ORE software libraries from Foresite

The Foresite [1] project is pleased to announce the initial code of two software libraries for constructing, parsing, manipulating and serialising OAI-ORE [2] Resource Maps. These libraries are being written in Java and Python, and can be used generically to provide advanced functionality to OAI-ORE aware applications, and are compliant with the latest release (0.9) of the specification. The software is open source, released under a BSD licence, and is available from a Google Code repository:

http://code.google.com/p/foresite-toolkit/

You will find that the implementations are not absolutely complete yet, and are lacking good documentation for this early release, but we will be continuing to develop this software throughout the project and hope that it will be of use to the community immediately and beyond the end of the project.

Both libraries support parsing and serialising in: ATOM, RDF/XML, N3, N-Triples, Turtle and RDFa

Foresite is a JISC [3] funded project which aims to produce a demonstrator and test of the OAI-ORE standard by creating Resource Maps of journals and their contents held in JSTOR [4], and delivering them as ATOM documents via the SWORD [5] interface to DSpace [6]. DSpace will ingest these resource maps, and convert them into repository items which reference content which continues to reside in JSTOR. The Python library is being used to generate the resource maps from JSTOR and the Java library is being used to provide all the ingest, transformation and dissemination support required in DSpace.

Please feel free to download and play with the source code, and let us have your feedback via the Google group:

foresite@googlegroups.com

Richard Jones & Rob Sanderson

[1] Foresite project page: http://foresite.cheshire3.org/
[2] OAI-ORE specification: http://www.openarchives.org/ore/0.9/toc
[3] Joint Information Systems Committee (JISC): http://www.jisc.ac.uk/
[4] JSTOR: http://www.jstor.org/
[5] Simple Web Service Offering Repository Deposit (SWORD):
http://www.ukoln.ac.uk/repositories/digirep/index/SWORD
[6] DSpace: http://www.dspace.org/

Tuesday, 22 January 2008

Fine Grained Repository Interoperability: can't package, won't package

Sadly (although some of you may not agree!), my paper proposed for this year's Open Repositories conference in Southampton has not made it through the Programme Committee. I include here, therefore, my submission so that it may live on, and you can get an idea of the sorts of things I was thinking about talking about.

The reasons given for not accepting it are probably valid; mostly concerning a lack of focus. Honestly, I thought it did a pretty good job of saying what I would talk about, but such is life.

What is the point of interoperability, what might it allow us to achieve, and why aren't we very good at it yet?
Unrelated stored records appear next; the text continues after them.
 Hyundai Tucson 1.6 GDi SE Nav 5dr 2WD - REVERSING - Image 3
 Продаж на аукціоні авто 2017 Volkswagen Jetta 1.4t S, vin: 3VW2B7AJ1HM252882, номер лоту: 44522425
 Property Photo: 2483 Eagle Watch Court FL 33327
Interoperability is a loosely defined concept. It can allow systems to talk to each other about the information that they hold, about the information that they can disseminate, and to interchange that information. It can allow us to tie systems together to improve ingest and dissemination of repository holdings, and allows us to distribute repository functions across multiple systems. It ought even to allow us to offer repository services to systems which don't do so natively, improving the richness of the information space; repository interoperability is not just about repository to repository, it is also about cross-system communications. The maturing set of repositories such as DSpace, Fedora and EPrints and other information systems such as publications management tools and research information systems, as well as home-spun solutions are making the task of taking on the interoperability beast both tangible and urgent.
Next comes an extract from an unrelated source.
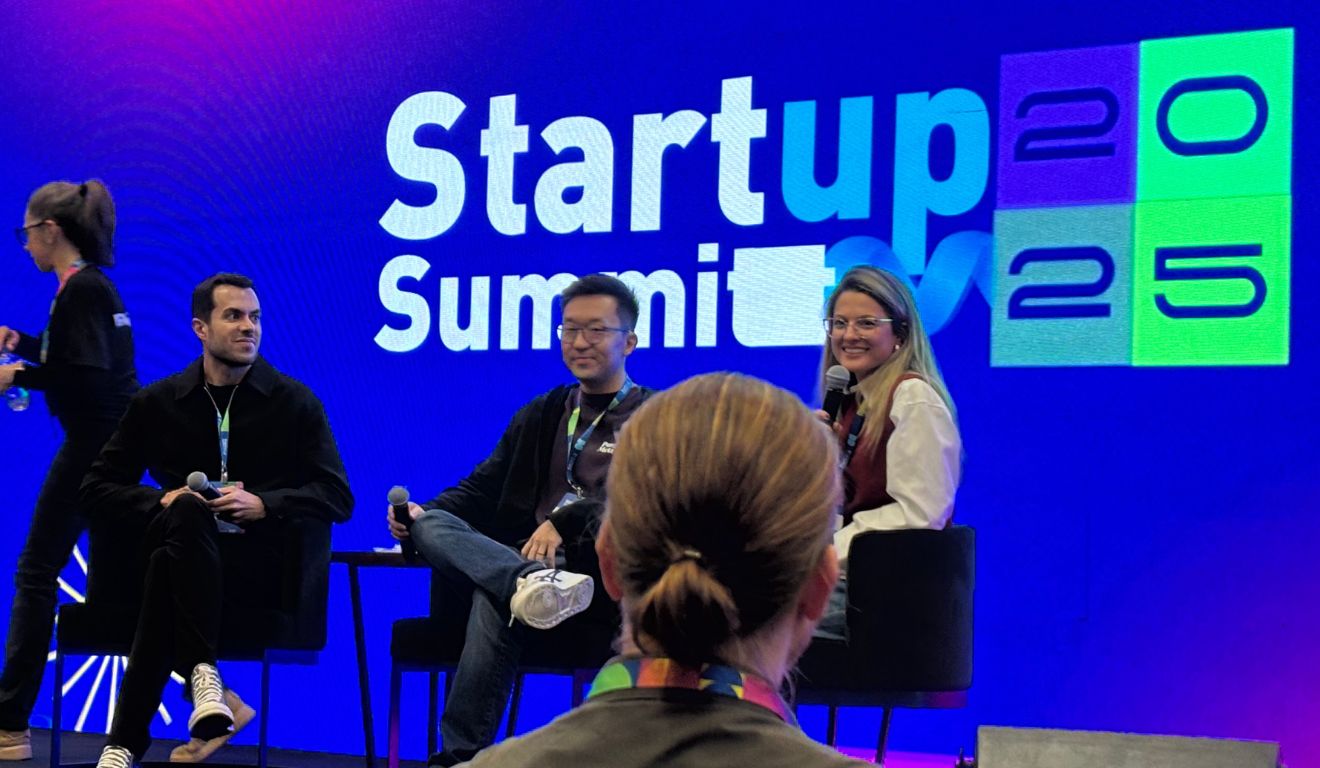 Palestra 'Marketing de Performance vs Branding: Como equilibrar os investimentos na hora de escalar?' reuniu Pedro Sampaio, Marketing Manager Senior do Nubank; Marcella Merigo, diretora da NP Digital; e Lucas (Yoko) Yokota, COO da Purple Metrics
Traditional approaches to interoperability have often centred around moving packaged information between systems (often other repositories). The effect this has is to introduce a black-box problem concerning the content of the package itself. We are no longer transferring information, we are transferring data! It therefore becomes necessary to introduce package descriptors which allow the endpoint to re-interpret the package correctly, to turn it back into information. But this constrains us very tightly in the form of our packages, and introduces a great risk of data loss. Furthermore, it means that we cannot perform temporally and spatially disparate interoperability on an object level (that is, assemble an object's content over a period of time, and from a variety of sources). A more general approach to information interchange may be more powerful.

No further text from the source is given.